Many of the brewers at the festival said one thing that distinguishes small microbreweries from the larger, more corporate producers is the lack of "cut-throat" competition.
"The more people there are [drinking craft beers], the better for us," Wince said. "Once someone tries a craft beer, they're more likely to try another one, and someone from another brewery might say, 'Hey, I know this other place that has a great pale ale,'" Wince said.
Using a catch-phrase popular among OSU promoters, Wince said there is extensive diversity in the types of people - bankers, lawyers, scientists and others were his examples - among those who he has known to gather around "a good beer."
"You get all these people who have nothing else in common and then you all get together around the beer and find all this other stuff you have in common," Wince said.

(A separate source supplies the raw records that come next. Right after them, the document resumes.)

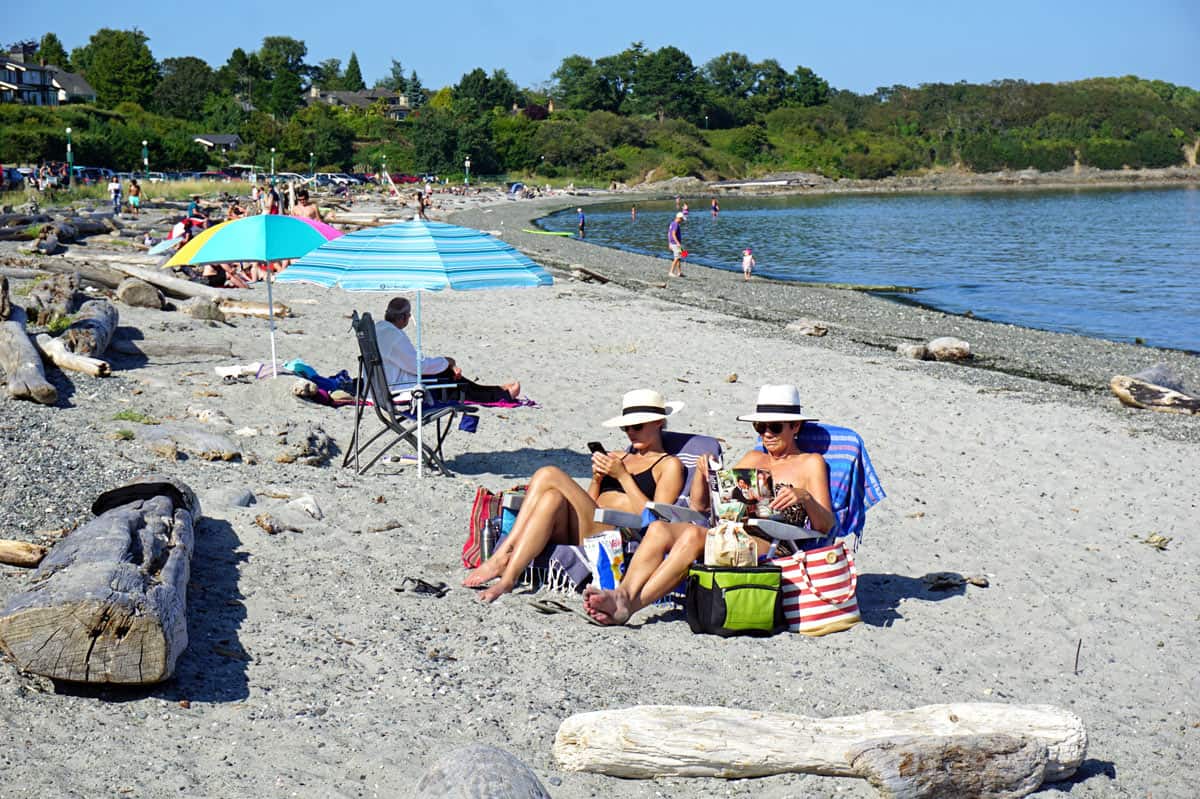 People in swimsuits sitting on the sand at Willows Beach, Victoria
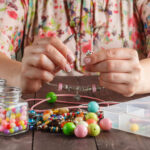 Relax hobby. Female make craft beads at home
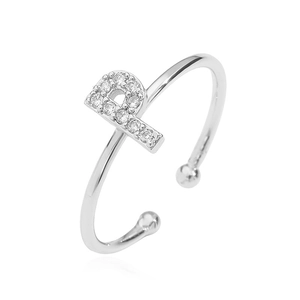 Detailed close-up of a silver letter B ring featuring zircon pavé and an open band design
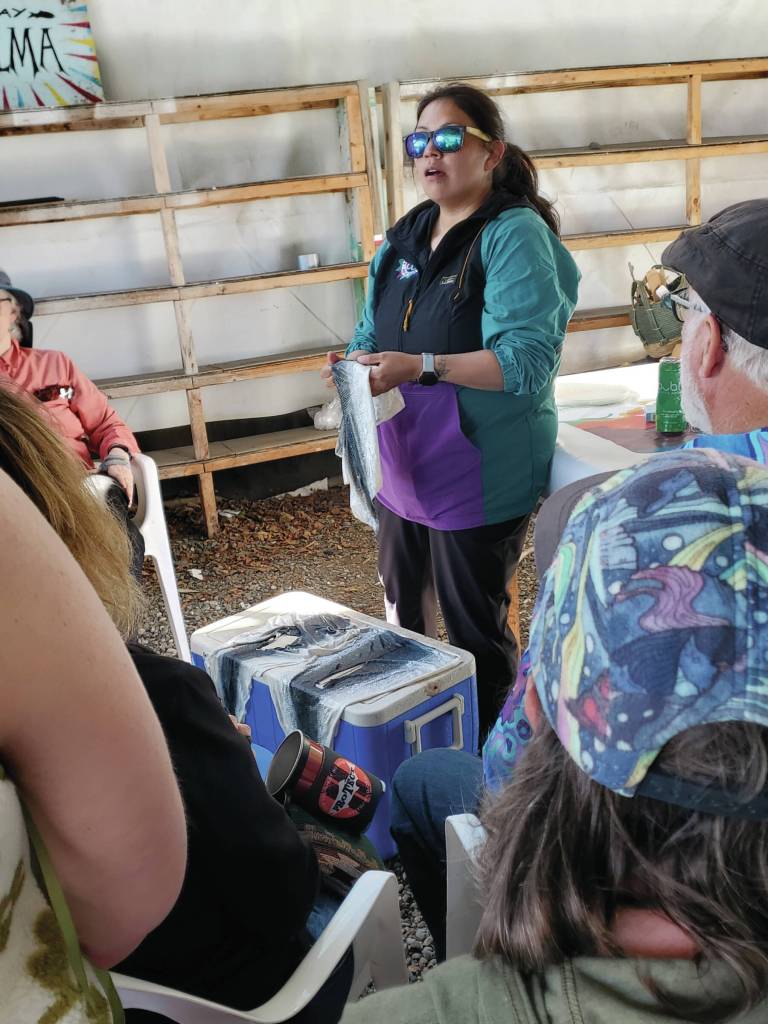 Yvonne Flynn hosts a fish skin tanning workshop in the Salmon Causeway at the Kenai Peninsula Fairgrounds during Salmonfest on Sunday, Aug. 4, 2024, in Ninilchik, Alaska. (Delcenia Cosman/Homer News)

Microbrew beer culture certainly has its elitist side, and while some, such as festival attendee and recent OSU graduate Gabe Woolum, avoid the label beer snob, others wear it as a badge of honor.
"Really it's people who gravitate toward good beer and finer dining," Wince said. "You may not be able to go to Hawaii, but you can buy better food and better beer."

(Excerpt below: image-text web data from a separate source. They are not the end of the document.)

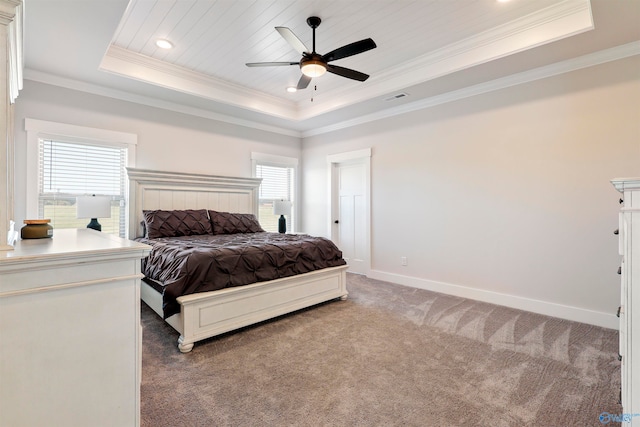 bedroom with ornamental molding, carpet, a tray ceiling, and ceiling fan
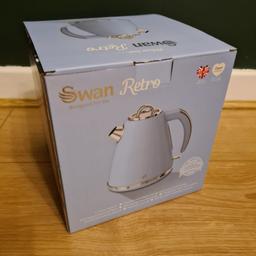 Brand new in box Swan retro style Blue Kettle. never been used.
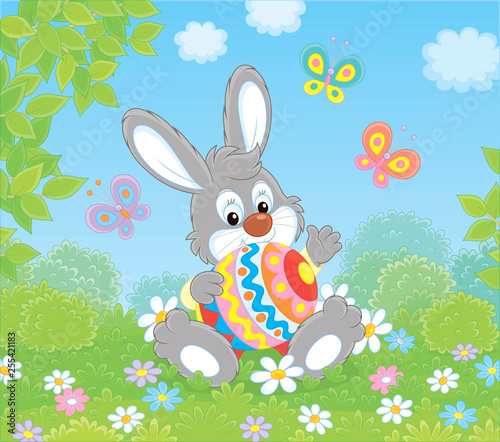 Little Easter Bunny sitting with a colorfully decorated big egg among flowers and flittering butterflies on a green lawn on a sunny spring day, vector illustration in a cartoon style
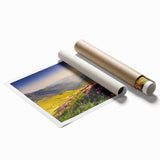 Colorful wall art print depicting serene mountain landscapes, featuring vibrant blues and greens, designed for home decor. Ideal for nature lovers and interior design enthusiasts, this rolled print is showcased in a protective cardboard tube.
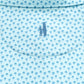 Close-up of the light blue fabric from the Johnnie-O Woods Polo by Johnnie-O, featuring a small pattern of trees and a surfing design with a figure holding a surfboard at the center. This polo is crafted with moisture-wicking properties, making it perfect for active beach days.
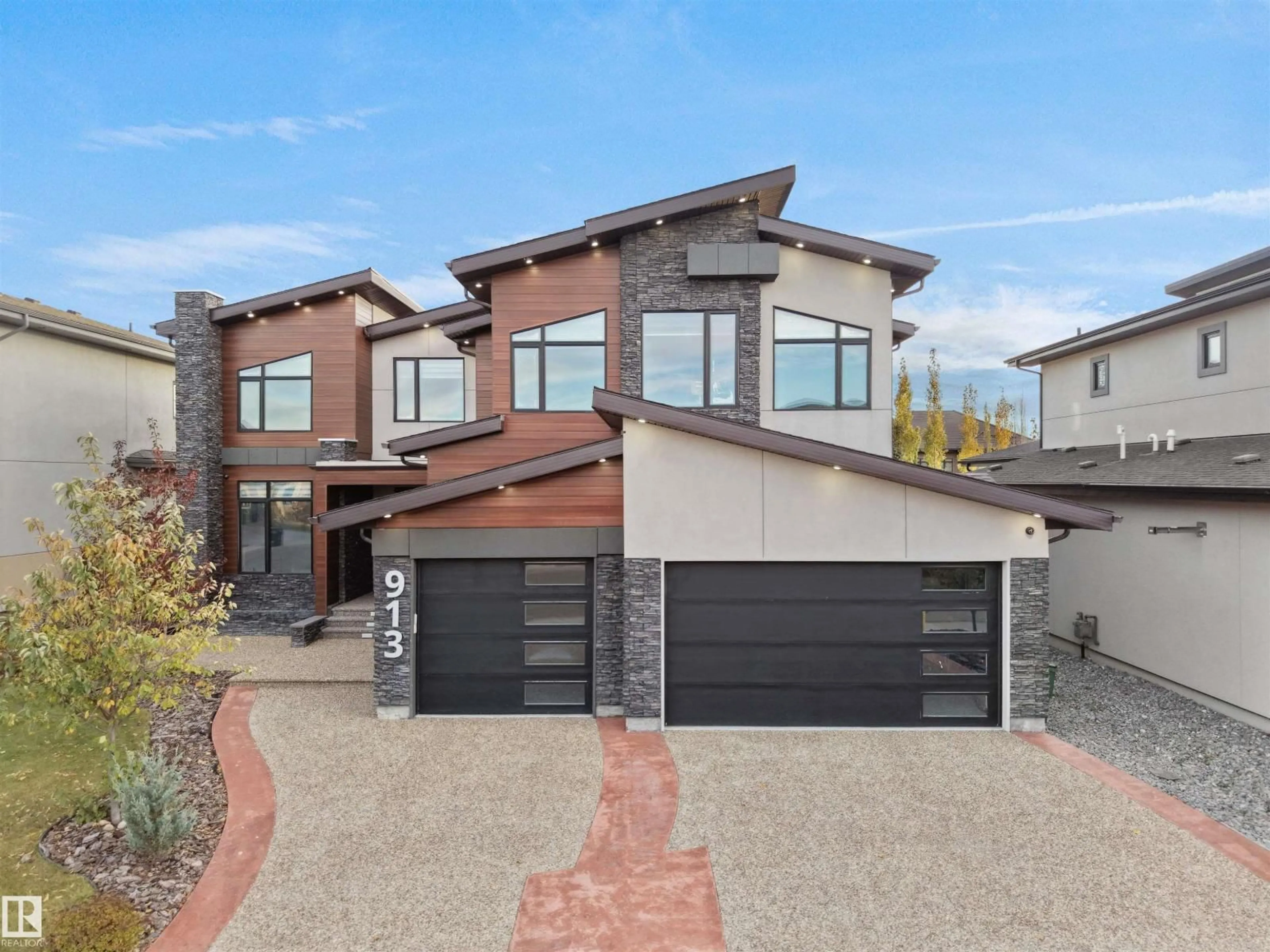 Home with brick exterior material, street for 913 WOOD PL, Edmonton Alberta T6W3G8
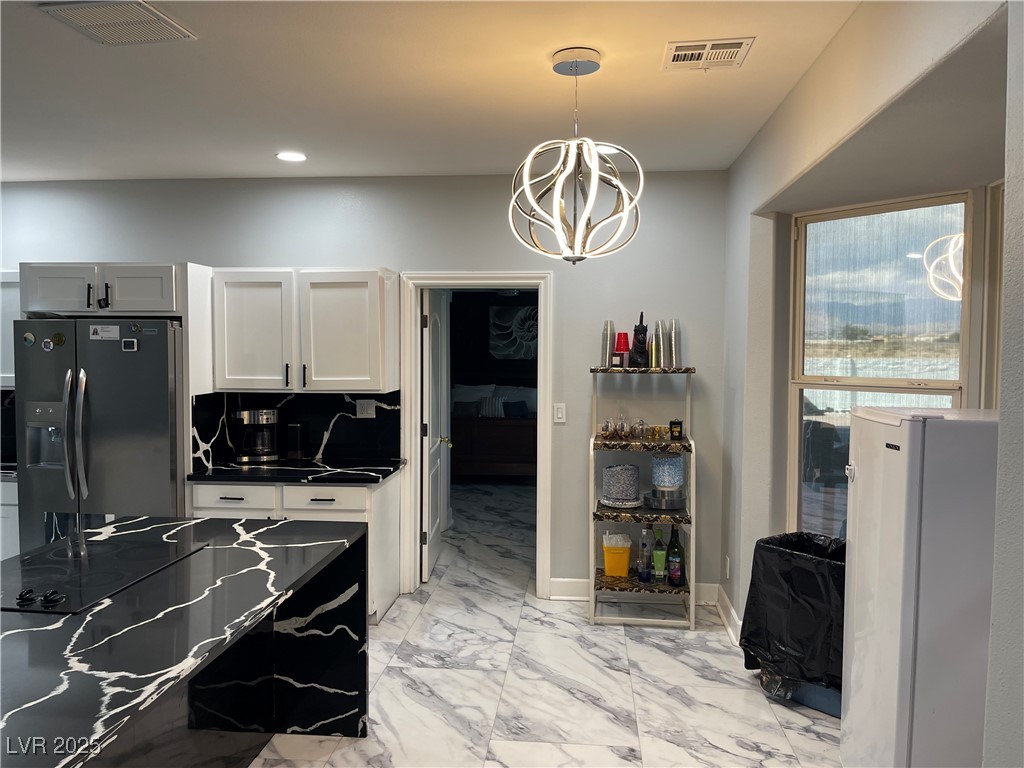 6480 West Oquendo Road Las Vegas, NV 89118 - Photo 14 of 51 Kitchen with stainless steel fridge, light marble finish flooring, decorative light fixtures, a chandelier, and white cabinets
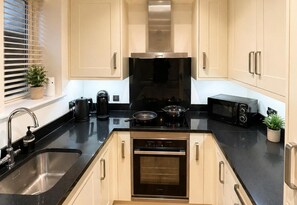A modern kitchen with a stainless steel range hood, a built-in oven, a microwave, and a sink with a faucet. - Modern Cottage Sleeps 4 With Patio (Royston)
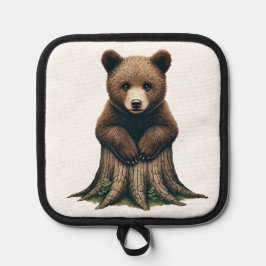 Schattige Beren welp zittend op boomstronk Pannenlap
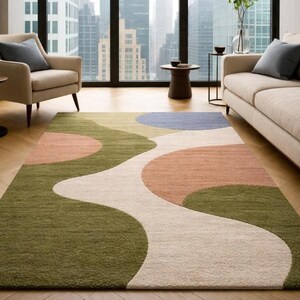 K&ouml;nnte beinhalten: Ein rechteckiger Teppich mit modernem Design. Der Teppich hat ein flie&szlig;endes Muster aus olivgr&uuml;nen, pfirsichfarbenen, cremewei&szlig;en und blauen Formen. Der Teppich liegt auf einem Holzboden in einem Wohnzimmer.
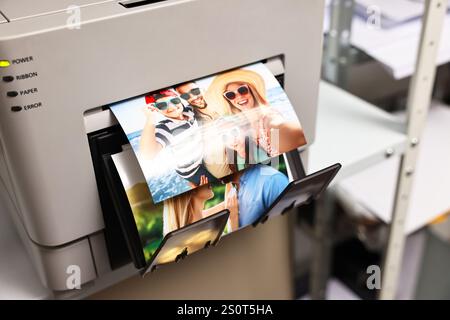 Moderner Drucker mit farbenfrohen Fotos im Innenbereich, Nahaufnahme Stockfoto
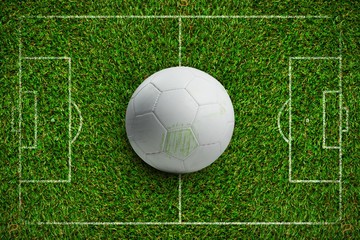 Composite image of white leather football with grass stains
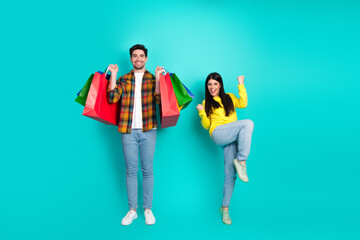 Naklejka premium Happy young couple holding shopping bags on a turquoise background celebrating and enjoying shopping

Pouring one out for the students
Seated next to the Columbus Brewing Company stand at the festival, Woolum and a few of his friends still studying at OSU casually drank while the beer-laden crowd bustled into lines.
But for a crowd so close to campus showing so much school spirit, there was a conspicuous lack of the younger-age-group variety.

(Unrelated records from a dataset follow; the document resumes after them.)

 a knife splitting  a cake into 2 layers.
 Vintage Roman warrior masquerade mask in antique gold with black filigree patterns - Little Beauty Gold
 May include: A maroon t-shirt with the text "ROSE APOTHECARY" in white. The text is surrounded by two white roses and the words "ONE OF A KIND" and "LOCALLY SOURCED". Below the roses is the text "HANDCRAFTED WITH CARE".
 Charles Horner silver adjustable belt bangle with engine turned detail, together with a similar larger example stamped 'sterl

Several of the brewers said they had trouble estimating how much of their market was college students, simply because they expected most of their business to come from older generations with more robust incomes.
"My experience is that college students don't have the money even if they like [the beer]," said Victor Ecimovich III, brewmaster of the L. Hoster Brewing Company. Ecimovich added probably not as many students are turning to microbrews as "might have been maybe 10 years ago."
Woolum's friend John Seifert, an OSU senior in welding engineering, said typically the microbrews appeal more to the "older college student, because when you're a freshman, you kind of take what you can get."
"When you're older, you can go to the store and spend a half an hour looking at beers," Seifert said. "When I turned 21, I don't know that I would have necessarily come down here."
But for those who like supporting the local breweries, going for the small-town brews can be a little closer to home than those reminiscent of college.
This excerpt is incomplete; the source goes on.